Several entities, including the project’s general contractor and the
building’s owner, qualified as additional insureds under Joy’s policies.
Admiral
initially issued a reservation of rights with respect to several grounds. Included among these grounds was the right to
rescind its policy on the basis that Joy had represented in its application
that it specialized in drywall installation, that it did not perform building
exterior work. Admiral later denied coverage
to Joy, and the additional insureds, on the basis of a residential construction
exclusion in its policy. It also took
action to rescind the policy on the basis of the misrepresentation.
As
it related to rescission, the intermediate appellate court held that a policy
could not be rescinded to the detriment of innocent additional insureds. The appellate court relied primarily on the
decisions in Lufthansa Cargo, AG v New
York Mar. & Gen. Ins. Co., 834 N.Y.S.2d 659 (1st Dep’t 2007) and BMW Fin. Servs. v Hassan, 710 N.Y.S.2d
607 (2nd Dep’t 2000), lv denied 717
N.Y.S.2d 547 (2000), both of which addressed rescission to the detriment of an
additional insured.
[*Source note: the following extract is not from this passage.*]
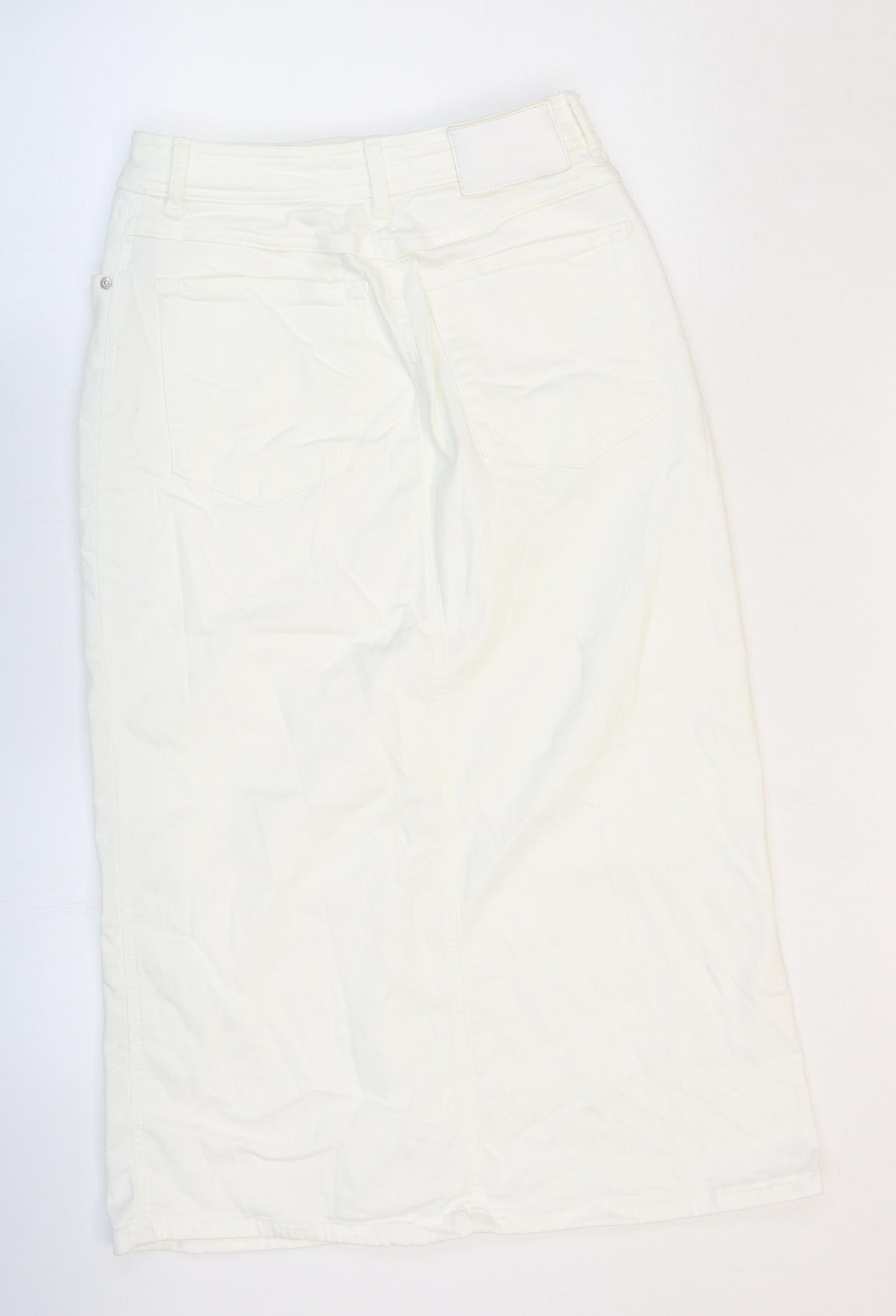 Marks and Spencer Womens White Cotton Straight & Pencil Skirt Size 10 Zip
In BMW, the named insureds under an auto
liability policy represented that they would be the primary drivers of a
vehicle and that their children would be additional drivers, when in fact, the
children were the primary drivers. The
court held that this misrepresentation should not operate to the detriment of
BMW, named as an additional insured under the policy. Likewise, in Lufthansa, the named insured represented that a certain employee
would not be operating an insured truck, but it was that very same excluded
driver that was operating the insured truck at the time of an accident. The court held that Lufthansa, as an innocent
additional insured, should not be affected by the named insured’s
misrepresentation.
The New
York Court of Appeals found BMW and Lufthansa distinguishable from the facts
before it. In both instances, the
misrepresentations did not go to the fundamental nature of the risk being
insured. More specifically, the
misrepresentations in those cases did not “deprive the insurer of knowledge of
or the opportunity to evaluate the risks for which it was later asked to
provide coverage — i.e., the risk of damages arising from automobile theft (BMW) and accident (Lufthansa).” Such misrepresentations were materially different than
the named insured misrepresenting the entire nature of the risk to be insured, i.e., drywall installation as
opposed to exterior building work employing the use of tower cranes. As the court observed, “Admiral evaluated the
risk of, and collected a premium for, providing excess insurance for interior
drywall installation, not the obviously much greater risk presented by exterior
construction work with a tower crane at a height many stories above grade.”
Ultimately,
the Court of Appeals held that the innocent “additional insured” decisions in BMW and Lufthansa, and the decisions on which those two cases were based,
cannot have the effect of allowing coverage for an additional insured on a
policy that is deemed never to have existed as a result of rescission.